We chose four PCNs to study in depth. This allowed us to understand the contexts within which the decisions discussed in the interviews had been made. The interviews used a realist approach.11 The focus of the interviews was on:
why PCNs make the decision to employ a particular ARRS staff;
the perceived advantages/disadvantages of different employment, deployment, and management models for ARRS staff (for PCNs, practices, and the staff themselves); and
perceptions of the likely outcomes associated with approaches.
We interviewed three groups of participants. We started by interviewing PCN clinical directors to develop initial programme theories. Subsequent interviews with GPs and practice managers refined the initial programme theories. Finally, our interviews with ARRS staff elicited programme-inhibiting factors and unintended consequences.
A total of 42 interviews were conducted across four PCNs. Data collection was conducted by the first author and took place between September 2022 to November 2023. Audio-recorded interviews (with consent) were transcribed verbatim by the university-approved transcription company. Transcription texts were thoroughly checked and anonymised by a researcher (the first author).
The site characteristics were as follows:
site 1: a GP federation in the process of becoming a community interest company and that acted as the main employer for most ARRS staff in the PCN;
site 2: a PCN in the process of becoming a limited company and each individual GP practice within the network was responsible for employing one type of ARRS staff;
site 3: each GP practice in the PCN independently employed its own ARRS staff; and
site 4: a GP federation that directly employed its ARRS staff.
Table 1 summarises the list of participants we interviewed.
Table 1. Interview participants
Data analysis
Anonymised interview transcripts were imported into qualitative data analysis programme NVivo 12. Interview transcripts were analysed by the first author using a realist evaluation framework to identify the context–mechanism–outcome (CMO) configurations. The first author read the transcripts and coded interview sections as potential contexts, mechanisms, and outcomes within each case study site and by practitioner type. CMO configurations were developed, and commonalities were identified and grouped together. These initial CMO configurations were shared with the second author for discussion and refinement at regular team meetings. Findings are presented here as context (C), mechanism (reasoning or resources) (M-reasoning or M-resources), and outcomes expected (O).
Results
Employment models
Direct employment model of ARRS staff by a GP federation or a lead GP practice (C) facilitates staff development (M-reasoning), leading to improved staff retention (O):
‘For me personally, I think you get a lot of added value when you invest in people directly and they’re part of the team and you know their name and you can train them and you can go and ask them for advice … You don’t get that with an outsourced model. And that continuity and those relationships are invaluable, I much prefer, even though it’s harder work, I much prefer having individuals employed in-house and part of the team.’

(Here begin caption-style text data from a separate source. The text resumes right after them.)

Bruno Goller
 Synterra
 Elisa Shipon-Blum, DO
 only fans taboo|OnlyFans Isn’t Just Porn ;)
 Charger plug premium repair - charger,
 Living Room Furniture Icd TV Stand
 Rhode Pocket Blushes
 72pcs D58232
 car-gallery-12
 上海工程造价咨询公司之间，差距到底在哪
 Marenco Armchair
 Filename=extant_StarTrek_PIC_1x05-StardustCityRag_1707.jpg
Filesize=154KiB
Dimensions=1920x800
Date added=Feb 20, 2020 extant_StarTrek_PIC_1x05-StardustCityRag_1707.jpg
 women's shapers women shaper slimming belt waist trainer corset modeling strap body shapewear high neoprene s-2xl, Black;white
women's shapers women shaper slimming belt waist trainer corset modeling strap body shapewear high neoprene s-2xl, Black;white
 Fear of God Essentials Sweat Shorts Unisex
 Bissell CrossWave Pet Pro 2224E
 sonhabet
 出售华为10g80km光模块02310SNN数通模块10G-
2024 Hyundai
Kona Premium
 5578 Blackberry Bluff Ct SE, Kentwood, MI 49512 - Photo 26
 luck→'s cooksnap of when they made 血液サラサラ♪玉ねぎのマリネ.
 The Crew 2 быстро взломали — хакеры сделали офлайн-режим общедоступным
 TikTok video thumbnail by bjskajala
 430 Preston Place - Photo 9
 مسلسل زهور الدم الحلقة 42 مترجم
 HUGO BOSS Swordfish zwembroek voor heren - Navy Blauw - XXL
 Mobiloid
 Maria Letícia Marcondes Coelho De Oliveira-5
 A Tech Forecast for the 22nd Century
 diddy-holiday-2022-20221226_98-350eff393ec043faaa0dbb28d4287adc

(PCN clinical director, site 1, identification [ID]1)
In the context of direct ARRS staff employment by a lead GP member practice (C), the decision on which practice should be employing which ARRS staff (O) is dependent on whether the practice had experience employing the type of ARRS staff and hence knows what to expect (M-reasoning):
‘It was purely that the practice manager said, “oh well we’ve got good contracts quite easy at our practice, let’s do that” … It wasn’t a conscious choice particularly, and there just does tend to be quite a good spirit of … I’ll do this, we’ll do this, working together.’
(PCN clinical director, site 3, ID32)
When a single organisation is employing a type of ARRS staff (C), the staff can be employed under the same terms and conditions, and, hence, issues such as training and line management can be more well coordinated (O). This approach relies on mutual trust among practices, built on a history of working together in the past and practices sharing the same values and ethos (M-reasoning):
‘Staff under the same contract can do more things like training for other staff. It seemed like the best way to do it. We thought if you wanted to make the pharmacist, for example, a team it would be better that they were employed under the same conditions by the same people, with the same managers … And so it’s better that they’re employed by one practice … but that then comes back to the practices trusting each other and trusting that they will treat people reasonably and that it works OK. But it does seem to work better like that … Practices having the same ethos and have worked together in the past — more straightforward decision making because there’s trust.’
(PCN clinical director, site 2, ID10)
A subcontracting model was typically used to employ first-contact physiotherapists, paramedics, and social prescribers. This model was chosen because practices within the PCNs did not have experience in employing and recruiting this type of ARRS staff; hence, they had unclear expectations of what the staff could deliver and also what clinical supervision or training needed to be provided for the staff (M-reasoning). In the context of paramedics (C), subcontracting was chosen as PCNs did not want to destabilise existing ambulance services (M-reasoning):
‘I would like to see a home visiting service with paramedics … but we’d have to employ paramedics and there’s quite a challenge at the moment without destabilising local ambulance services.’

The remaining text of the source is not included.